While examining its key proposals, discuss the possible implications of proposed corporate governance code framework on Indian corporate.

In order to improve corporate governance in listed companies, committee under Uday Kotak was formed. It submitted its report to the SEBI, suggesting a host of changes for bringing in transparency at companies’ boards 

  • Position of Chairman and MD/CEO to be split. This will impact a large number of Indian companies like ADANI, ONGC etc. It will provide a better and more balanced governance structure and effective supervision of the management. 
  • Women Director: Having at least one woman Independent director in the board will bring greater gender diversity to already existing requirement of one woman director. Indian companies are still struggling to meet this norm of one woman director. Currently 38.1% of companies do not have single women director.
  • Board of Directors: Recommendations like increasing number of directors from 3 to 6  will help  accommodate people from diverse background and skill set. Currently 15.4 % of listed companies have less than 5 directors on their board. A director in a listed company can be a director on the board of only 7 other companies
  • Auditing: The audit committee of any parent or holding company that has invested or lent Rs 100 crore or more to a subsidiary will be responsible to review the use of those funds by the subsidiary. This is to ensure more transparency on the use of funds and to keep an eye on any round-tripping of funds
  • SEBI will have the right to pull up auditors for any lapses in corporate governance norms and penalise them for the same.

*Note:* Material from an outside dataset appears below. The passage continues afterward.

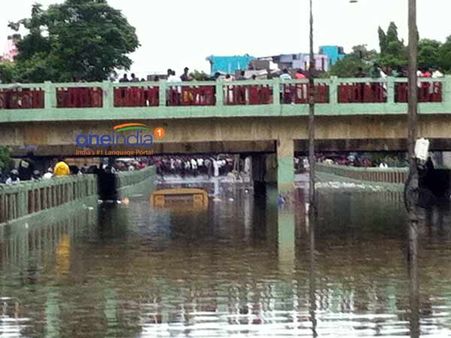 சென்னை சுரங்கப்பாதையில் மூழ்கிய பேருந்து... போராடி மீட்ட ஊழியர்கள் - 5 சுரங்கப்பாதைகள் மூடல்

This will ensure diligent auditing of company processes and funds.
  • Other recommendations like companies should disclose their medium to long term strategy in annual report, Public sector companies to be governed by listing regulation and not nodal ministries.

Implementation of this report will require fundamental changes on multiple fronts. Companies will now have to engage more proactively, as well as closely with their independent directors.